The Ford School votes-and supports our electoral process | Gerald R. Ford School of Public Policy

The Ford School votes-and supports our electoral process

December 9, 2020

By Daniel Rivkin

The frenzied political campaigns of 2020 are over, and President-elect Joe Biden and Vice President-elect Kamala Harris will take office on January 20. With about 153 million votes estimated to have been cast, voter participation of 67 percent of eligible citizens was at a level not seen in 120 years. 

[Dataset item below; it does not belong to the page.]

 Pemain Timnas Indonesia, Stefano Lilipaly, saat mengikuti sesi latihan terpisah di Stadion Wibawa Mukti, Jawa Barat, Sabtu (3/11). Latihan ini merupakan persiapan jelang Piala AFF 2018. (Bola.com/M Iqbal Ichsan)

Leading up to the election, the Ford School community engaged in the electoral process in many ways, including encouraging widespread voter participation, exploring the dynamics of our electoral institutions and systems, and examining new ways to ensure that the vote accurately reflects the population through redistricting.

Kari Rea
Kari Rea

Dean Michael Barr co-led, with vice president for government relations Cynthia Wilbanks, the University-wide Democracy & Debate Theme Semester, which included a wide array of creative programming, courses, and opportunities for engaged learning, including many offered by the Ford School. We’re told 3.4 million users engaged as well online.

Students, staff, and faculty received resources to encourage voter registration in workshops led by the Ginsberg Center’s Kari Rea (MPP '20) and organized by the Ford School’s Program in Practical Policy Engagement. Professors Hannah Smotrich and Stephanie Rowden of the Stamps School of Art & Design partnered with the City of Ann Arbor clerk’s office to create a satellite office at the University of Michigan Museum of Art, where 5,412 students, staff, and faculty registered to vote, and 8,501 voted. Ford School professor Edie Goldenberg was a key advisor for the initiative. 

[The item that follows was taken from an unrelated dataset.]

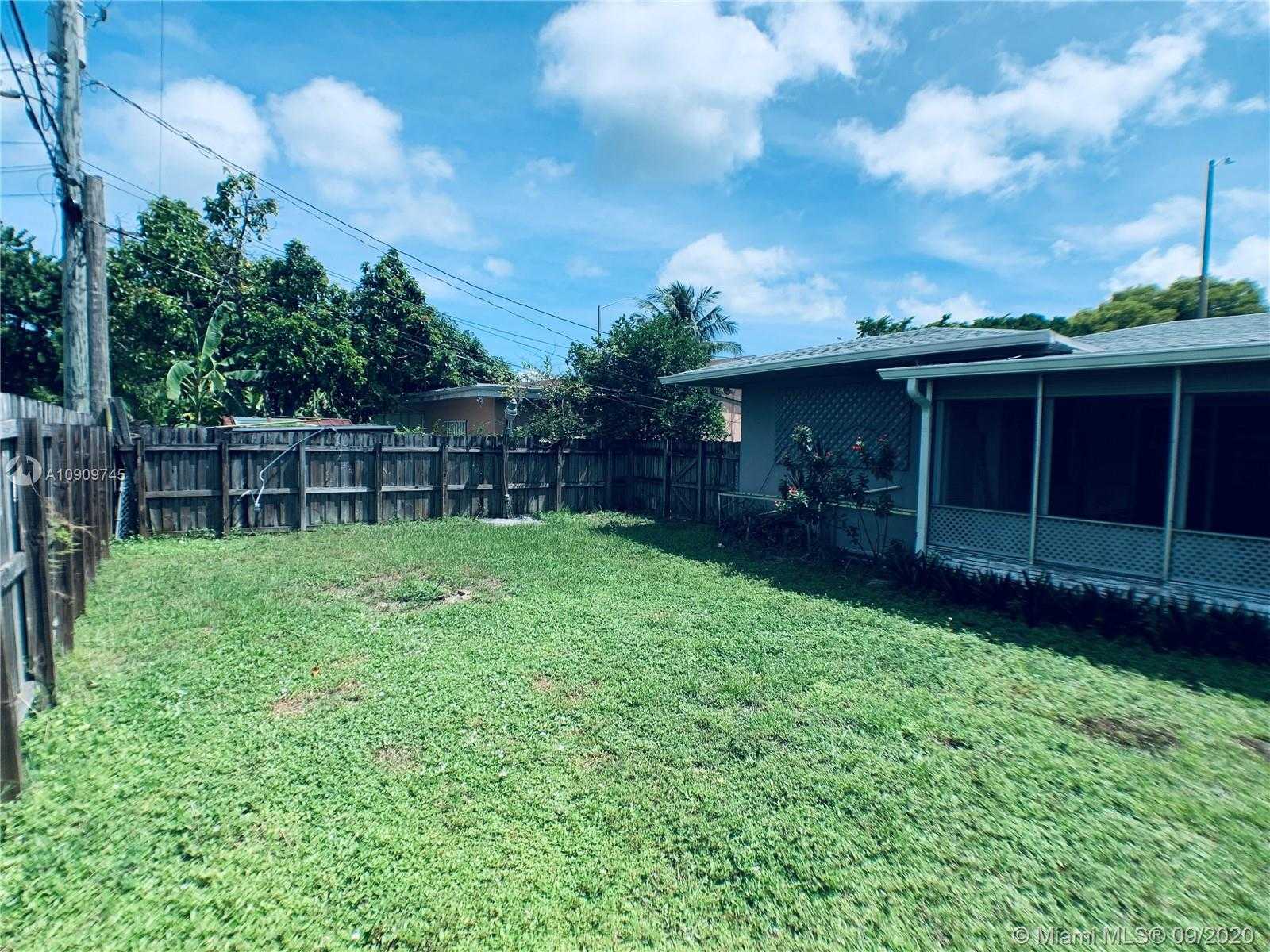 Small Image of 2021 NORTH EAST 171ST ST, North Miami Beach Number 8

Damian Chessare and sister Alexandra
Damian Chessare and sister Alexandra

Damian Chessare (BA ‘21) was among the many Ford School students registering voters, working to get out the vote, and observing polling stations. “The response throughout the semester was unbelievable, and it really gave me the hope I needed to get through my policy studies in a challenging world where many of our leaders have been acting in diametric opposition to what we are taught to be good policy making,” he said.

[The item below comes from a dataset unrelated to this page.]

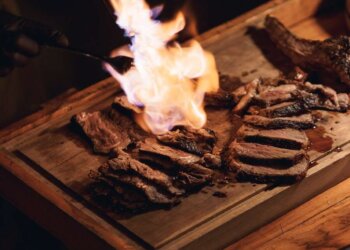 The AKAR Symphony: A Candlelight Concert Experience in Ubud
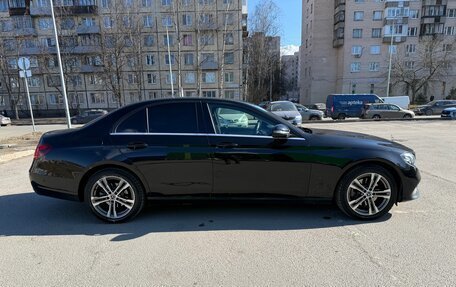 Mercedes-Benz E-Класс, 2019 год, 2 450 000 рублей, 2 фотография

Professors Goldenberg, John Chamberlin, and Oliver Thornton led a repeat of their 2016 class, “Producing Voter Engagement,” in which Ford School students were joined by students of film and video studies, engineering, and other programs to produce public service announcements encouraging voter registration and participation. You can view them here, here, and here.

Jenna Bednar, Jocelyn Benson, and Frank LaRose
Professor Jenna Bednar, Secretary Frank LaRose (R-OH), and Secretary Jocelyn Benson (D-MI)

The semester also offered students opportunities to better understand the electoral system. For example, in their bipartisan Policy Talks event, the secretaries of state of Michigan and Ohio, Jocelyn Benson (D) and Frank LaRose (R), addressed faith in processing and counting the record number of votes, and especially mail-in ballots, reassuring that the systems in place were robust, secure, and accurate. This confidence was reinforced by two Center for Local, State, and Urban Policy (CLOSUP) reports released before the election that showed that 98 percent of Michigan's local officials were confident of accurate voting administration and that a vast majority trusted their local democratic institutions more than that of the state or federal governments. 

In a separate CLOSUP project, Professor John Chamberlin led a team of students to help the new Michigan Independent Citizens’ Redistricting Commission (ICRC) understand one of the key aspects of the redistricting criteria: the concept of Communities of Interest (COI). The ICRC, composed of Democrats, Republicans, and Independents, will redraw state and federal districts. Chamberlin and CLOSUP Executive Director Tom Ivacko continue to partner with the Michigan Department of State (MDOS) to proactively engage with communities in the redistricting process. Ivacko says it is likely the ICRC will hear from well-organized and well-resourced COIs (such as chambers of commerce), and are unlikely to hear from COIs like local community groups that don't have professional staff and budgets. With the help of a team of students, they will create a database of COIs for the ICRC with the hope that they may be reflected in the new districts.    

Summing up the activity, Dean Barr wrote to the Ford School community in the election’s aftermath, “We should take pride in the University community's broad engagement with the democratic process.”